Tool for showing physical (!) memory usage during the last hour?

H

Hans Cerny

Is there a tool which shows me the usage of physical memory over the last say 1 hour ?

After upgrading my memory from 1 GB to 2 GB I had occasionally a look into the
TaskManager. There always the "available physicall memory stays at 800 MB up to 1300 MB)
no matter what applications I currently run: VMs, graphic editors, video encoding,...

Why is most of my wonderful physical memory not used?

Maybe a smart memory tool shows that situations exists where really more that 1.2 GB
(maximum known so far) are used.

Hans
 
J

John John (MVP)

Hans said:
Is there a tool which shows me the usage of physical memory over the last say 1 hour ?

After upgrading my memory from 1 GB to 2 GB I had occasionally a look into the
TaskManager. There always the "available physicall memory stays at 800 MB up to 1300 MB)
no matter what applications I currently run: VMs, graphic editors, video encoding,...

Why is most of my wonderful physical memory not used?

Because it's not needed, you already had just about as much as you
already needed. Also, keep in mind that while the Working Sets Standby
List is actually being used (it contains data) it is nonetheless counted
as Available Memory, the data in the standby list can be zeroed out at
any time and the RAM can be made available to another process, yet if
you restart the process that owned the working set the data in the
Standby List will be available to the process again.

Description of What the Available Bytes in Task Manager Represents
http://support.microsoft.com/kb/312628/en-us

Maybe a smart memory tool shows that situations exists where really more that 1.2 GB
(maximum known so far) are used.

You can monitor and log memory usage with Perfmon.

John
 
J

Jim

Hans Cerny said:
Is there a tool which shows me the usage of physical memory over the last
say 1 hour ?

After upgrading my memory from 1 GB to 2 GB I had occasionally a look into
the
TaskManager. There always the "available physicall memory stays at 800 MB
up to 1300 MB)
no matter what applications I currently run: VMs, graphic editors, video
encoding,...

Why is most of my wonderful physical memory not used?

Maybe a smart memory tool shows that situations exists where really more
that 1.2 GB
(maximum known so far) are used.

Hans
There may be such a tool. However, the best answer to your question is that
your workload does not need more
that what you have seen. It did need more than 1 GB though.

Jim
 
K

Ken Blake, MVP

Is there a tool which shows me the usage of physical memory over the last say 1 hour ?

After upgrading my memory from 1 GB to 2 GB I had occasionally a look into the
TaskManager. There always the "available physicall memory stays at 800 MB up to 1300 MB)
no matter what applications I currently run: VMs, graphic editors, video encoding,...

Why is most of my wonderful physical memory not used?

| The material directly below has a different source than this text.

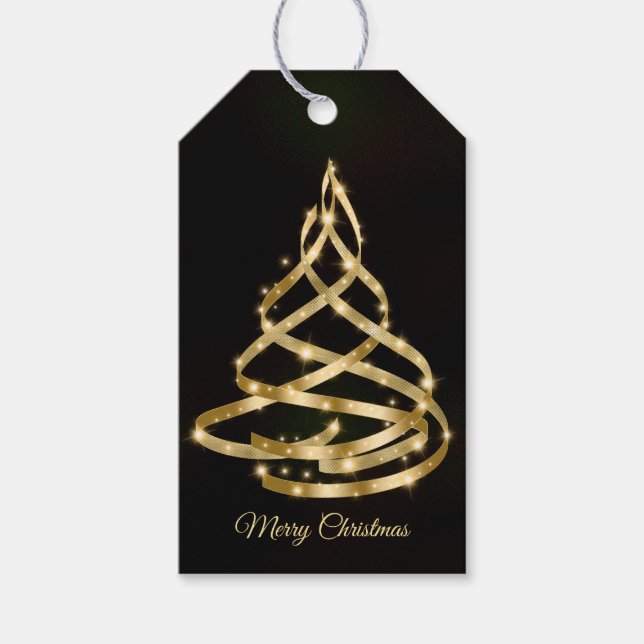Christmas Shiny Golden Ribbon Tree Sparkle Black Presentetikett (Framsidan)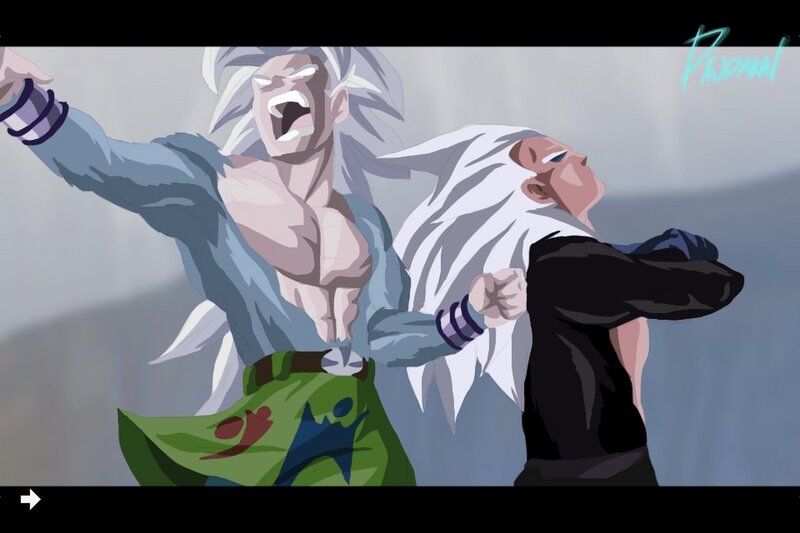 Two Anime Characters Fighting — Gray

Probably because your workload doesn't require more than the 1GB you
started with.

Why did you upgrade to 2GB? Despite what you here so often, more
memory is not always better. More memory helps you only if you are
currently using the page file. How much memory you need depends on
what apps you run and how you use them, but for most people running
Windows XP, 1GB is more than enough.
 
G

Gerry

You could have installed more RAM memory than you need!

You have the wrong end of the telescope to your eye! You need to the
look at your perceived problem from another direction.

What is relevant is how much use is being made of the pagefile.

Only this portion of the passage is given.